» ASSIGNMENT
When you repeat the material, keep each line exact and omit the pictures.

» MATERIAL PROVIDED
━━━━━━━━━━
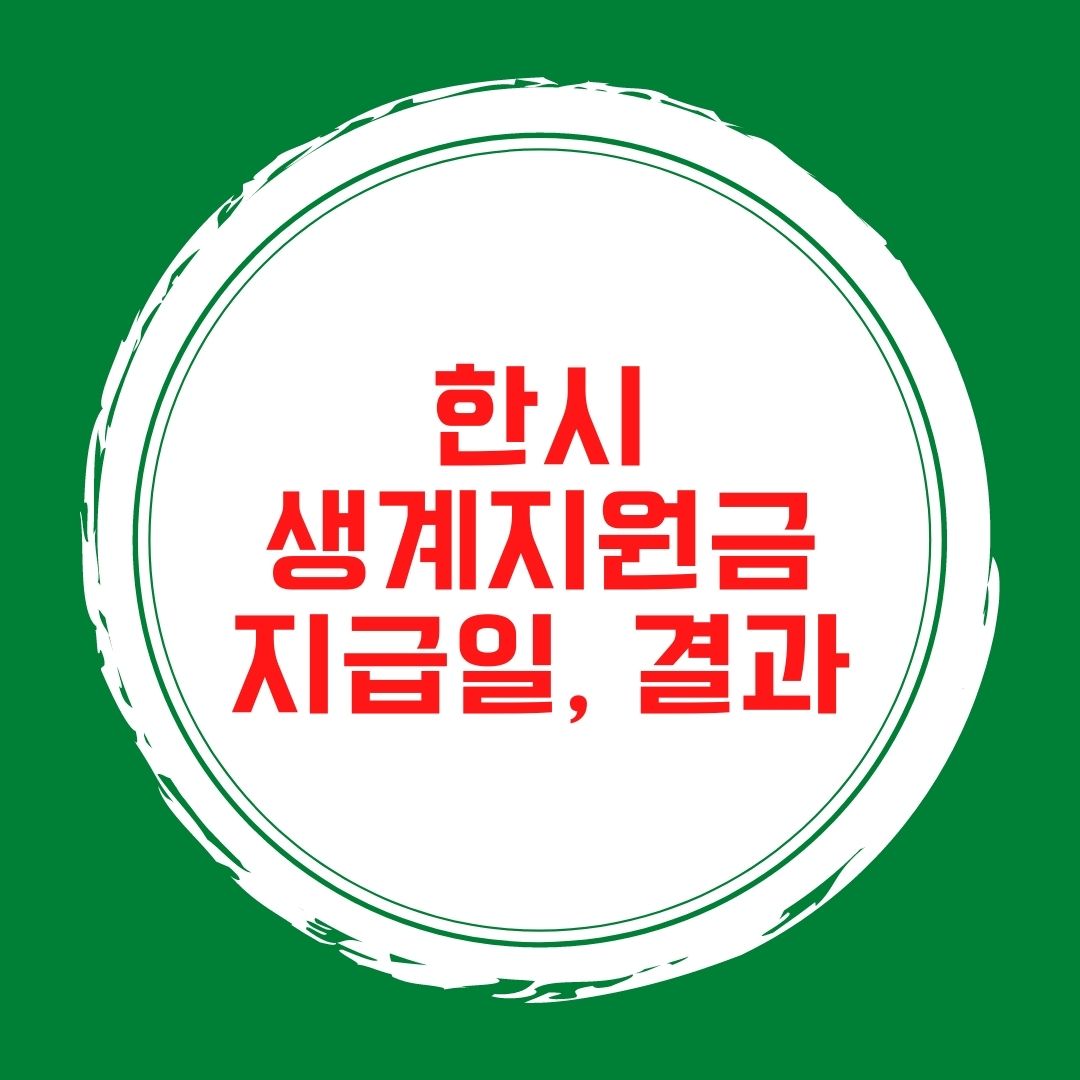  한시생계지원금지급일 결과 + 5차재난지원금?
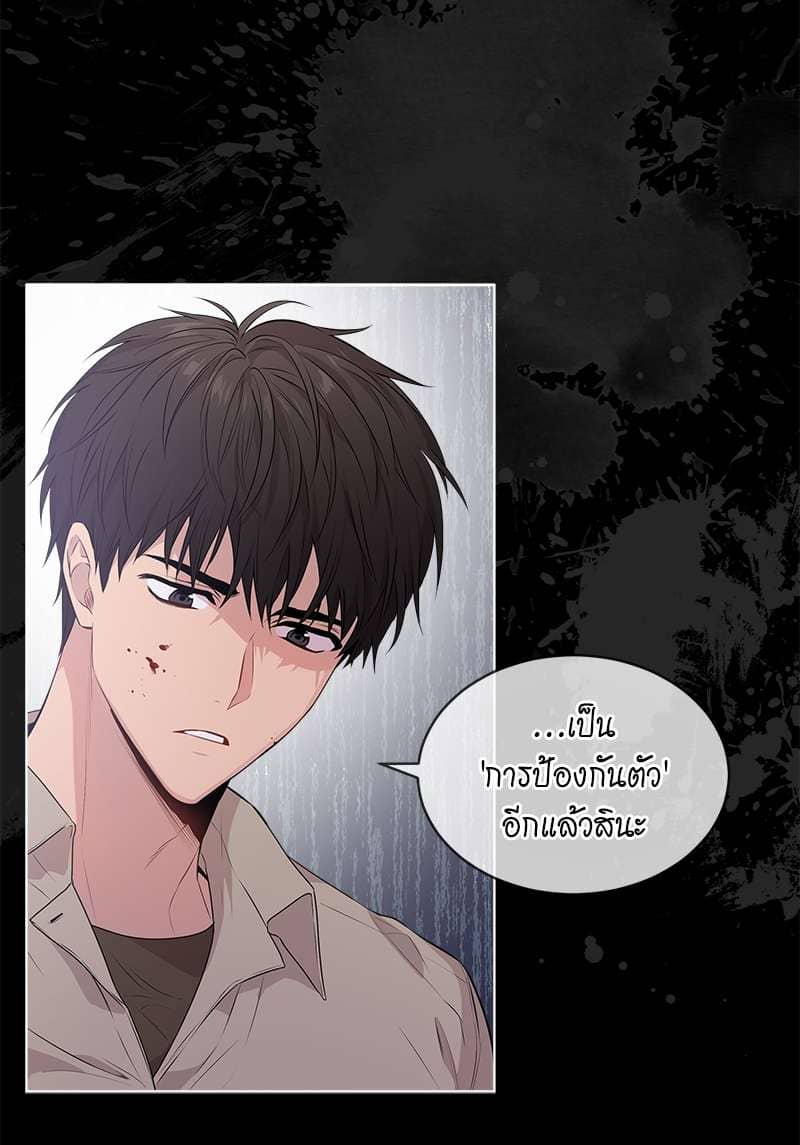 Passion ตอนที่ 2324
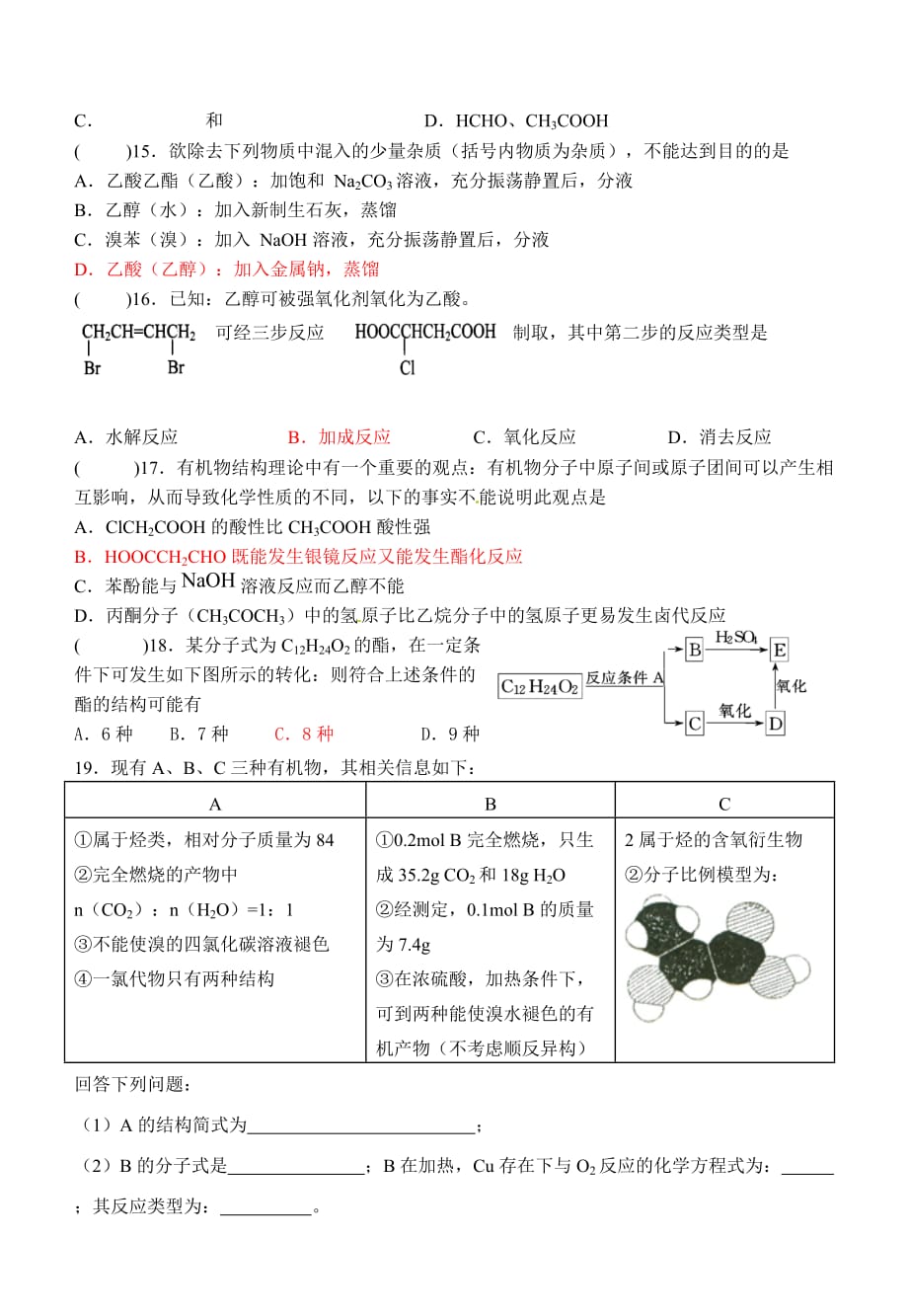 2015有机化学练习_第3页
━━━━━━━━━━
» OUTPUT FOR THIS TASK
  한시생계지원금지급일 결과 + 5차재난지원금?
 Passion ตอนที่ 2324
 2015有机化学练习_第3页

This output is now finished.